80M-Record Anthem Inc Data Breach Announced

The recently announced Anthem Inc data breach has exposed the personal information of up to 80 million individuals, in the largest ever successful hack of healthcare data ever recorded.

Last year saw the second largest ever healthcare breach when the records of 4.5 million patients of Community Health Systems were exposed, which affected nearly as many people as the previous record holder; the 4.9-million data breach at Tricare in 2011. The latest breach is on an entirely different scale and ranks as one of the largest ever data breaches of any industry. Only Heartland Payment Systems, Target and Sony Online Entertainment Services have had more data accessed by hackers.

The past two years have seen major successes for hackers, who have managed to steal tens of millions of records from retailers such as Target – 110 million records – and Home Depot – 56 million credit card numbers – as well as the entertainment industry with the 102 million record breach at Sony Online Entertainment Services. The finance industry did not escape either, with JP Morgan Chase registering a 76 million- record data breach last year.

This is not the first time Anthem has exposed member records. Between Oct. 23, 2009 and Mar. 7, 2010 a 612,402-record breach occurred, although at the time the company was operating under the name of WellPoint Inc. Its members had their health records and personal information exposed and the company had to settle with the Department of Health and Human Services’ Office for Civil Rights for $1.7 million for the HIPAA violations which led to the breach.

Anthem Inc Data Breach is the Largest PHI Breach Ever Reported

However, the scale of the latest Anthem Inc data breach is astonishing. Hackers are understood to have gained access to an Anthem server and have potentially copied up to 80 million records including personally identifiable information and Social Security numbers. Names, dates of birth, addresses and email addresses were present in the data set, along with medical IDs, and in some cases, employment information.

According to Anthem president and CEO, Joseph Swedish, “Based on what we know now, there is no evidence that credit card details or medical information such as claims, test results and diagnostic codes were targeted or compromised.” He also said “we are working around the clock to do everything we can to further secure your data,” and mentioned that his own personal information was also compromised in the attack.

The breach was first identified last week by Anthem and the FBI was alerted. An investigation is currently underway and Anthem is assisting law enforcement and trying to identify those responsible and bring them to justice.

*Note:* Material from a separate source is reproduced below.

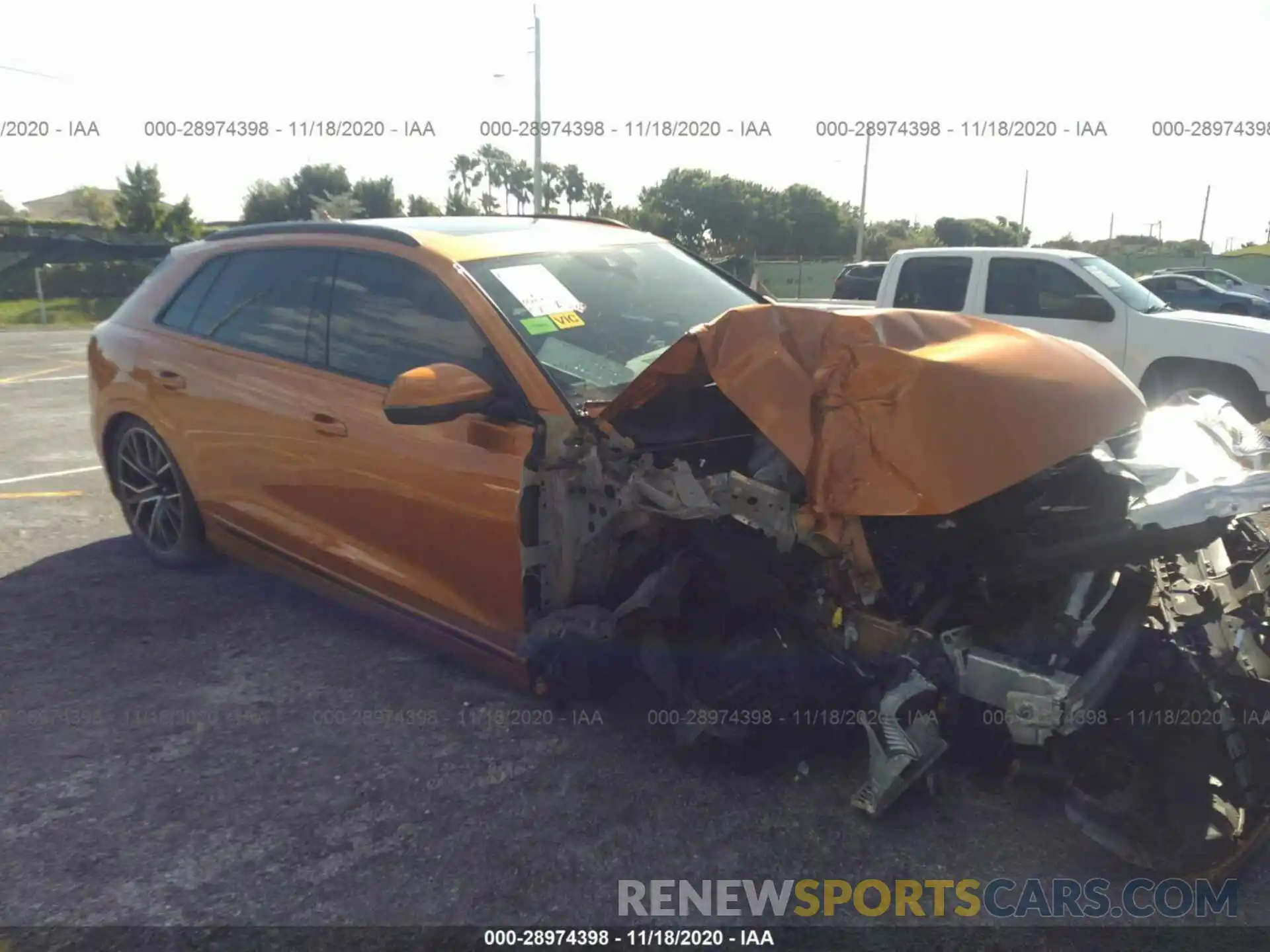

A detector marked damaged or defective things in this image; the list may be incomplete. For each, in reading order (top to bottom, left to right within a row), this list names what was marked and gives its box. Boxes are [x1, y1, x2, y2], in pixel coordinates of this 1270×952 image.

damaged orange car [84, 219, 1270, 878]
crumpled hood [599, 305, 1148, 518]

So far only limited details have been released to the press about the incident. Anthem has not yet determined the number of people affected, although it did confirm that the server to which the hackers gained access contained approximately 80 million records.

HIPAA regulations were introduced to keep Protected Health Information private. No PHI was apparently stolen, but personally identifiable information also comes under Health Insurance Portability and Accountability Act legislation and the OCR is likely to take an interest in this breach and conduct an investigation.

Full Extent of the Behemoth Anthem Inc Data Breach yet to be Determined

In a statement released to the media, Anthem Spokeswoman, Cindy Wakefield, said “the investigation is ongoing and an exact total of the victims have not yet been established, but they will be notified by post in due course if their data was stored on the server.”

The data obtained by the thieves can be used to commit medical and identity fraud and employees and plan members will need to take precautions and be vigilant for signs of fraud.

Further information on the Anthem Inc data breach is available from anthemfacts.com, a website set up by the insurer specifically to provide potential victims with information. The company is advising all plan members to contact the FBI if they believe they have suffered identity or medical fraud, or think their data has otherwise been used inappropriately as a result of the recent Anthem Inc data breach.